代理人弁護士からは,離婚の申入れとともに具体的な離婚条件の提示があり,それが妥当なものか判別がつかず,ひとりで小さなお子様を育てながら夫の代理人と交渉していくことに不安があったことから,ご依頼となりました。

 

 

<解決>
主な争点となったのは,養育費の金額,自宅不動産を含む財産分与,慰謝料の金額でした。
養育費については,夫が会社経営者であり収入認定が難しかったものの,夫が離婚を強く希望しているという事情もあり,相談者側の主張を夫が受け入れる形で決着しました。

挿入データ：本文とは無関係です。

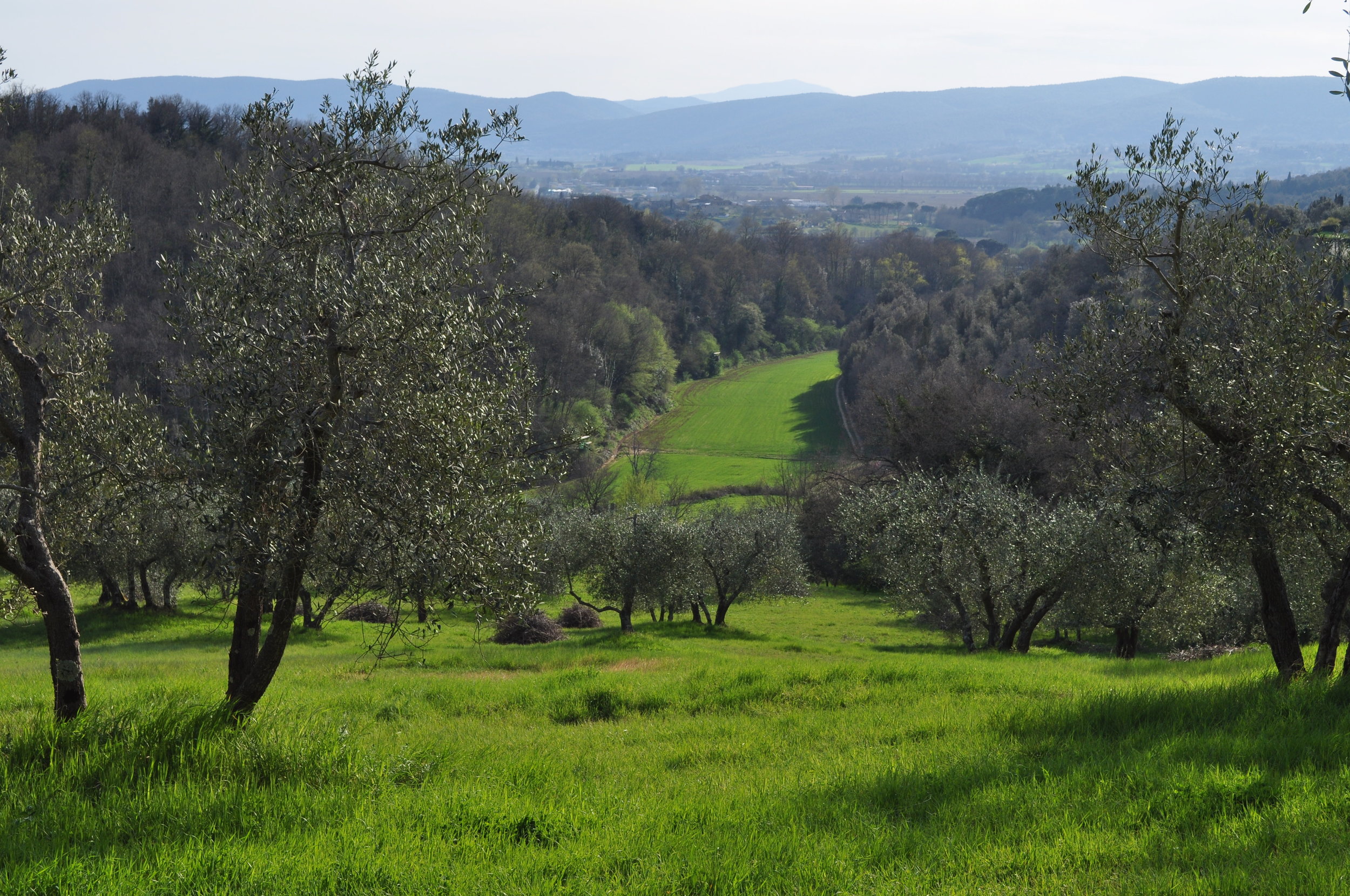 Olive grove at Terra Rossa, just outside of Siena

財産分与については,主な財産である自宅不動産について夫が残ローンを全て支払った上で所有権を相談者に譲渡するという提案がありましたが,ローンの返済が二十数年に渡ること,夫の返済能力に疑問が全くないとも言えないことから,ローン返済が滞った際の手当てについても細かに取り決めをしました。

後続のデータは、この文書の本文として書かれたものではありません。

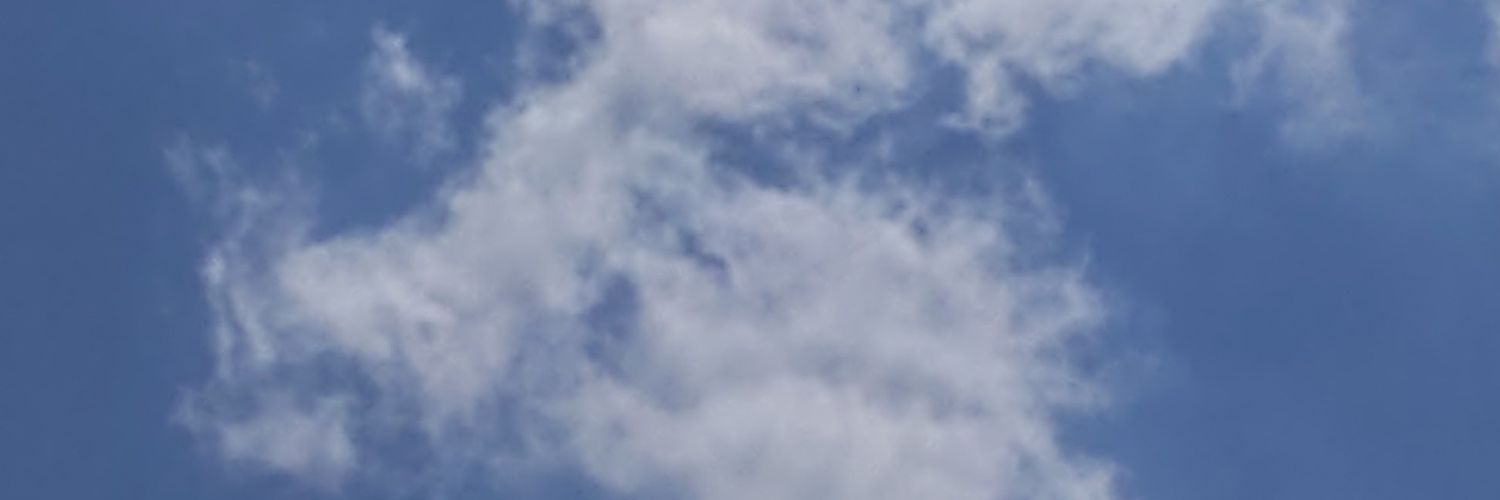 zigiii banner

慰謝料については,長男妊娠中から交際を開始していたことから相談者にも譲れない点があったり,交際相手が妊娠しているために離婚を急いでいたということが後に判明したり,別居後間もなくSNSに交際相手と一緒に公の場での写真をアップロードしたりするなど,交渉中にも相談者の心情を著しく害する出来事が続き,金額を定めるまでには厳しい交渉が続きました。
有責配偶者からの離婚請求ということもあり,財産分与でも相談者に大分有利な条件になっていましたが,夫の一連の行動に相談者は納得がいかず,当初は考えていなかった交際相手への請求も希望されました。
これに対し夫からはそれを含んだ条件をすでに提示してきたとして,双方の主張額がなかなか埋まりませんでしたが,交際相手に代理人から連絡する直前に夫側から新しい提案があり,最終的にはより高い慰謝料で話し合いの決着がつきました。